Mercurius points to two facts in the record in support of its claim to the contrary.   First, Mercurius cites the fact that its counsel's facsimile of February 4, which sought to confirm that the $3 million was now being kept in an “escrow account” by Hill & Barlow, was never answered, indicating that Thornhill assented to that characterization.   But silence does not ordinarily imply assent, see Polaroid Corp. v. Rollins Envtl. Servs., 416 Mass. 684, 624 N.E.2d 959, 964 (1993);  see also W. Hovey & A. Koenig, 16B Mass. Prac. § 62.1, at 180 (4th ed.1999) (escrow agreements governed by same law as governs contracts generally), and Mercurius had no special reason to infer assent in the circumstances here.   The letter from Mercurius' counsel followed notification that Thornhill had wired $3 million to Hill & Barlow;  this transfer, in turn, came on the heels of Mercurius' demand for assurance that Thornhill intended to comply with the state court's escrow order and that the requisite funds had been made available to its counsel.   But providing one's agent with funds eventually to be placed in escrow is not equivalent to entering a binding escrow agreement in the interim.   Mercurius' counsel had no reason to assume that Thornhill had relinquished control over the funds simply by making them available to its agent.2  Indeed, given the level of care Hill & Barlow clearly wanted taken before its client entered the escrow agreement ordered by the state court (as indicated by counsel's exchange of lengthy drafts), it was unreasonable to believe that the firm would have ever intended to sign off on any interim agreement as casually as Mercurius suggests.3

 Second, Mercurius argues that the fact that Hill & Barlow refused to surrender the $3 million to Thornhill's liquidators for fear of being held in contempt shows that it considered itself to be holding the funds in escrow pursuant to the state court's order;  otherwise it would have had no reason to fear being held in contempt.   But one need not make that leap.   Hill & Barlow had earlier denied that any escrow account had been created.   Its refusal to release the funds to Thornhill's liquidators cannot fairly be construed as an admission to the contrary;  rather, it most likely reflected a cautious choice to maintain the status quo in light of the now multiple proceedings in which the fate of the funds was being contested.

Affirmed. Costs to Thornhill's liquidators.


1.   Contrary to Mercurius' contention in its brief, this issue is ripe for summary judgment.   The relevant facts are not in dispute;  what is disputed is the legal question of whether the exchange of communications between the parties gave rise to a valid escrow agreement.   At oral argument, counsel for Mercurius argued that a trial would allow it the opportunity to examine counsel from Hill & Barlow in order to show that the two shared an understanding that Hill & Barlow held Thornhill's funds in escrow.   However, as counsel conceded, counsel had no excuse for not acquiring such evidence during discovery by way of affidavit or deposition.  (Hill & Barlow does not represent Thornhill's liquidators in this case.)

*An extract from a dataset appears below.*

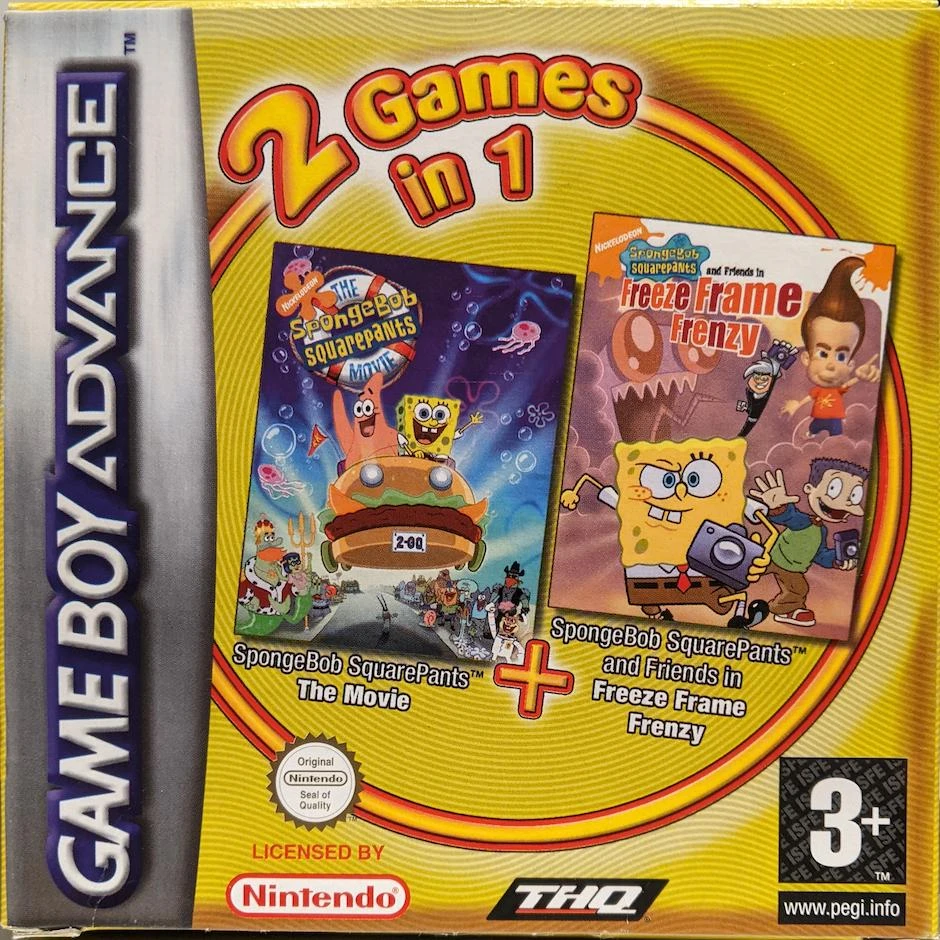 2 Games In 1: Spongebob Movie & Freeze Frame box art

2.   Hence, this case differs significantly from the Birkhead case on which Mercurius relies.   See supra.   In Birkhead, not only did the parties unambiguously arrive at an agreement that one party's counsel would hold funds in escrow, but also it was the seller's attorney who was to act as escrow agent for the purchaser's funds.   See 600 N.E.2d at 610.   Thus, the deposit of funds with the attorney necessarily entailed a relinquishment of control by the grantor.   Where, as here, the grantor deposits funds with its own attorney, no such implication necessarily arises.

3.   Moreover, even assuming that Hill & Barlow's silence could have signaled assent, there was nothing in the letter to assent to, for the letter did not describe any escrow agreement in sufficiently definite terms.   An escrow agreement must specify the condition on which funds will be released.   The February 4 letter did not do so, but merely stated without elaboration that the letter was intended to confirm that $3 million had been placed into “your firm's [i.e., Hill & Barlow's] escrow account.”   Merely characterizing an account as an “escrow account” does not render it so.

LYNCH, Circuit Judge.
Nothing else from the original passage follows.